I'd often taken to moving furniture around. From the time I was a little girl, I often felt the need for spacial realignment. I started out small, relocating the white quilted hamper that held my grandmother's crocheted handiwork, and my stuffed animal collection, from just behind my bedroom door to a spot in front of the window. This move would, of course, necessitate the move of my rocking chair away from the window and into the corner to the right of the window. And, because the bed and the dresser were stationary in my space plan, that meant that the rocking chair, which had been facing the side of the bed when it was in front of the window, would now have to face the door, which was a perfect diagonal.

By the time I got to college, my dorm room reconfiguration seemed to coincide with midterms and finals, and it continued at that pace through graduate school, with some additional turns after a couple of bad break-ups (heck, it beat gulping down a pint of ice cream:). After grad school, my need for space reconfiguration was synced to the seasons, and since I was living in a large studio apartment with hardwood floors, it was like conducting my life in a black box theatre where I was the cast, crew, director, and stage manager. Every time my parents would visit, they'd remark about what was different, and lend their own suggestions for future furniture remixes.

When I got married and moved into our home, I found out that not everyone likes coming home to a completely altered space. There are people in this world who, apparently, like things to stay in their place. Oh, I tried - boy, did I try! But, all that it got me was a sore back and the realization that married people furniture is far heavier than single lady furniture! It also got me into endless discussions as to why the furniture needed to be moved in the first place. Apparently, my answer - "because I felt like moving it" - was not acceptable, nor did it meet the rigorous standards of logic set forth by my husband, but it does follow the standard for emotional logic.

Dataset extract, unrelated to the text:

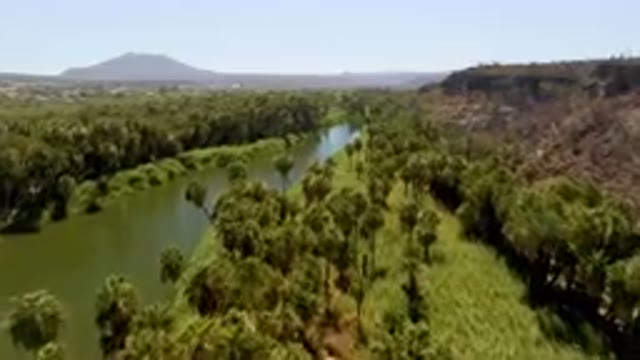 SAN IGNACIO BCS MEXICO-2023: River Running Through A Lush Green Valley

Moving things around changes so much - it's like walking into a new space, or making fresh discoveries about the space in which you live for 365 days of the year. When I would come back to my apartment after a day of moving around the furniture, it was like seeing my home anew, like stepping off of the plane in a new country. But, there is also something much deeper at play. Moving a chair from the window to the wall is creativity on a small scale. It is creativity that is, literally, bounded by the walls of the room. This is creativity with rules, with mental training wheels, and I had, over the years, become too scared to perform even this minimally risky task.  Standing there, in the hallway on the night before Dad's funeral, I was moving furniture and I was smiling that in the midst of losing Dad, that somehow, through some divine intervention, my father had helped me find a piece of myself that I had buried.